- City: Oklahoma City, Oklahoma
- League: American Hockey Association
- Operated: 1933–1936
- Home arena: Oklahoma Coliseum
- Colors: red, blue

Franchise history
- 1933–1936: Oklahoma City Warriors
- 1936: Minneapolis Warriors

= Oklahoma City Warriors (ice hockey) =

The Oklahoma City Warriors were a professional ice hockey team. Based in Oklahoma City, they operated within the American Hockey Association for three seasons before folding due to financial difficulties.

==History==
In 1933, Noel Lyons purchased the rights to start a franchise in Oklahoma City from the American Hockey Association.

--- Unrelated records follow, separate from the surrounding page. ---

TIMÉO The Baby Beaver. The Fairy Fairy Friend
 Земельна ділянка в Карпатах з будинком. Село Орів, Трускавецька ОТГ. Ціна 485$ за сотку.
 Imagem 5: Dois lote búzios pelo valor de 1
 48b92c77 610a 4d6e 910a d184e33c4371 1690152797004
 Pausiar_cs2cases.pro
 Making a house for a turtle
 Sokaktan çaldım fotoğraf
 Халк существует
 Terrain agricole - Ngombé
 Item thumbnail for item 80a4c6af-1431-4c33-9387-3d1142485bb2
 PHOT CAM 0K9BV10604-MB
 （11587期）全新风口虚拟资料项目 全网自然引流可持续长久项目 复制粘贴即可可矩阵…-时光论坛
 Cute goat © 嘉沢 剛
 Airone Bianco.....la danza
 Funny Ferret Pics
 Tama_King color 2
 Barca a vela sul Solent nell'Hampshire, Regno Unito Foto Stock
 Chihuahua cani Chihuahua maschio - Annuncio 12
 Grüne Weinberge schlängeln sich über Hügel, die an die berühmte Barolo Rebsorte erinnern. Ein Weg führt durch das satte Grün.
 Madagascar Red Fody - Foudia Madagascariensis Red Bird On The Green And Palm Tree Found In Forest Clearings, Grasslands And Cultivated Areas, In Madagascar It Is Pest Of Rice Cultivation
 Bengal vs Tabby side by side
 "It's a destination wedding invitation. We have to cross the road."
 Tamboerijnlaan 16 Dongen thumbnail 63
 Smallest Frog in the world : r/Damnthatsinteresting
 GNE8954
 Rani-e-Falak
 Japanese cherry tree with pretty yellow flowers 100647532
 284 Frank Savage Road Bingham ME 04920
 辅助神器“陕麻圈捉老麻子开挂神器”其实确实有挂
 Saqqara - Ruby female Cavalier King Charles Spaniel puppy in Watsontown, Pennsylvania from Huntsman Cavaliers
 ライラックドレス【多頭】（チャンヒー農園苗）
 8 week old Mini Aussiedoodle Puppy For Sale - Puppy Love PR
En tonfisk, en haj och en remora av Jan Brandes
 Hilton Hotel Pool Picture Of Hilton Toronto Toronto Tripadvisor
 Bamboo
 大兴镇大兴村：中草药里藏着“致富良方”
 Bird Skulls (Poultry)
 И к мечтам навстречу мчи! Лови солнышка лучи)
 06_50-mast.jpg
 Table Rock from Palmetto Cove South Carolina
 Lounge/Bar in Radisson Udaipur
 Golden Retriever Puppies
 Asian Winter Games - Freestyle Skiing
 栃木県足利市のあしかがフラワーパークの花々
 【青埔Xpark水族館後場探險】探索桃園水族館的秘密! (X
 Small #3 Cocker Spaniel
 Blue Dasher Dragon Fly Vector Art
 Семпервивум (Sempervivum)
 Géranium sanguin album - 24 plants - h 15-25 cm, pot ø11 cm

The team debuted in November of that year, playing out of the second Oklahoma Coliseum (the first was destroyed by fire in 1930). The team was unsuccessful in its first season, losing nearly twice as many games as they won. The Warriors changed from a red and white color scheme to green and white for the start of the second season but the new look did not bring about any changes on the ice.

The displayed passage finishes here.